» WORK TO COMPLETE: Below is a listing; give only the number of its lines that contain the word "White".

==========

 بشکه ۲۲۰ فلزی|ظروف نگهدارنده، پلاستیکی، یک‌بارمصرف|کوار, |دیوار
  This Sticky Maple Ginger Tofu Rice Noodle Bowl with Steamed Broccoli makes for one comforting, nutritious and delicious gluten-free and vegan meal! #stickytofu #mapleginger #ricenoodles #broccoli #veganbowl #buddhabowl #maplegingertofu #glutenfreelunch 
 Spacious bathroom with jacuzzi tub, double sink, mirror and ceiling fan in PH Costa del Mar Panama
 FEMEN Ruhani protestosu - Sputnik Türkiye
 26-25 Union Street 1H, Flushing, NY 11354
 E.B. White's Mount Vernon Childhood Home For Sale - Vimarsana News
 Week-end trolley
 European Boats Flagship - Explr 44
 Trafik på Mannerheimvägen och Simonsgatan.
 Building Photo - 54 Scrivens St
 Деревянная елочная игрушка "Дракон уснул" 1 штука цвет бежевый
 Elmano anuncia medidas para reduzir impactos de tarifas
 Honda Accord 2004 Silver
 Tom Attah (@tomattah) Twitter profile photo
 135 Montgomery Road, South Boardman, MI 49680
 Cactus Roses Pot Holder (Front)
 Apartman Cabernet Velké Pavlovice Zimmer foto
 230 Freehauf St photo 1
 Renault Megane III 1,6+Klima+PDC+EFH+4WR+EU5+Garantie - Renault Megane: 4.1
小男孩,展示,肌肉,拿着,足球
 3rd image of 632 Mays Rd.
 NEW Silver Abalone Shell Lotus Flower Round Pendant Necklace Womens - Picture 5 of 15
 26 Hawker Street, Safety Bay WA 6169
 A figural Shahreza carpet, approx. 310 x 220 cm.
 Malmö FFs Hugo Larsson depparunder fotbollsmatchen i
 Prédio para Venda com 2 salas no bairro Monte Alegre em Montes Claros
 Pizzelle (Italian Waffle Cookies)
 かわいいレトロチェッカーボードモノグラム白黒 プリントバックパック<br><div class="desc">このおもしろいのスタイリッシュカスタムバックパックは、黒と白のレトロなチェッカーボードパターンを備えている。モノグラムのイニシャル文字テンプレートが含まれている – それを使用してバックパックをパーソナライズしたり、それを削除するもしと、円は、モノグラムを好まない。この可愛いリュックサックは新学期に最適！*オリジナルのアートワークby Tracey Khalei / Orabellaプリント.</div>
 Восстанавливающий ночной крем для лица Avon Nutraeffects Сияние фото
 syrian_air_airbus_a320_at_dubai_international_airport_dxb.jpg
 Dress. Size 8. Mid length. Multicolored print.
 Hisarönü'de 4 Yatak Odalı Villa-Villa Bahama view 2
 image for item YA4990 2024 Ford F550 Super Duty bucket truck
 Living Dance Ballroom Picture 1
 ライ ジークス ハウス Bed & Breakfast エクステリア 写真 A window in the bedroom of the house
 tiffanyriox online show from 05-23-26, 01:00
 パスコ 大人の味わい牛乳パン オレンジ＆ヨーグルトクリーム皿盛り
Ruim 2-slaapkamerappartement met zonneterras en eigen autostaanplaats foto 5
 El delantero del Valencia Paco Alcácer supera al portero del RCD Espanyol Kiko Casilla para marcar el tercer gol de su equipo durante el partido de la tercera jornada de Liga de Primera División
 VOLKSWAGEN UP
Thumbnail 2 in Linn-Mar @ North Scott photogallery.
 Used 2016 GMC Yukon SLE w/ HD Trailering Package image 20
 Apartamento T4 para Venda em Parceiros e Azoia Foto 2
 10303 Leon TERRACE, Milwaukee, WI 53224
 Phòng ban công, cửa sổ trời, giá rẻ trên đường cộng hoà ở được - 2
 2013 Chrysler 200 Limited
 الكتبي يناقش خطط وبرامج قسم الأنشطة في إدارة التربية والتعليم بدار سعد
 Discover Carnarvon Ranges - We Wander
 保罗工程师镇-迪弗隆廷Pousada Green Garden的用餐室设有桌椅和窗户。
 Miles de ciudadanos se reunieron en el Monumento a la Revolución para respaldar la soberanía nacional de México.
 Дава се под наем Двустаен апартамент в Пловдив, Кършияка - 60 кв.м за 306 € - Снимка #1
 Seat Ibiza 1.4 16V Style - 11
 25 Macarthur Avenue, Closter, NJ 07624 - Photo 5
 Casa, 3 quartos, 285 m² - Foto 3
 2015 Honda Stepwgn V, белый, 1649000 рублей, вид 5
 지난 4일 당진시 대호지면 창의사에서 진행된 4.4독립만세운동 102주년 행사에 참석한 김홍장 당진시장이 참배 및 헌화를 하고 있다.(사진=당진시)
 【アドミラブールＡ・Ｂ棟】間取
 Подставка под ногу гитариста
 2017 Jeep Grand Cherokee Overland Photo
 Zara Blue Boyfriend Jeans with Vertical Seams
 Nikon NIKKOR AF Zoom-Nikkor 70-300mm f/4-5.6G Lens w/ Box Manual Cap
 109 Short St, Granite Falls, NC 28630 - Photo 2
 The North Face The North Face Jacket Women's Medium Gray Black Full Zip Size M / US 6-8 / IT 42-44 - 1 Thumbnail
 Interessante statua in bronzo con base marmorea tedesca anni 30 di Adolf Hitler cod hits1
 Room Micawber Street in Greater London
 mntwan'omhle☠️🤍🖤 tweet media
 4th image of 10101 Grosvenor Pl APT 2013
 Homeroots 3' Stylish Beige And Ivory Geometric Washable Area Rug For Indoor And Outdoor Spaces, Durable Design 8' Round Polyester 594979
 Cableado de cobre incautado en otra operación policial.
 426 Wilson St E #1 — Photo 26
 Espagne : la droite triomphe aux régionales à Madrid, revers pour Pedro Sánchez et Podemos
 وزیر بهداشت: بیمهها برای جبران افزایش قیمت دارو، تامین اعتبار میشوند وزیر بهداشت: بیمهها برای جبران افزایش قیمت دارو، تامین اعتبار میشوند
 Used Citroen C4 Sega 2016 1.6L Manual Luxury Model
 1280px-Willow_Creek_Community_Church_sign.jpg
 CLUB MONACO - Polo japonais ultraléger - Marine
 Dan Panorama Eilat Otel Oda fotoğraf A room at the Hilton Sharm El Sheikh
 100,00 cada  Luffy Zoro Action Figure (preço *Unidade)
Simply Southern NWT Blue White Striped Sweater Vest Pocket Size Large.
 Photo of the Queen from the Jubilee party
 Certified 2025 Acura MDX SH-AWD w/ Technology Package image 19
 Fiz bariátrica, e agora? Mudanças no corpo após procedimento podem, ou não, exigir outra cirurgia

==========

» SOLUTION TO THIS PROBLEM: 2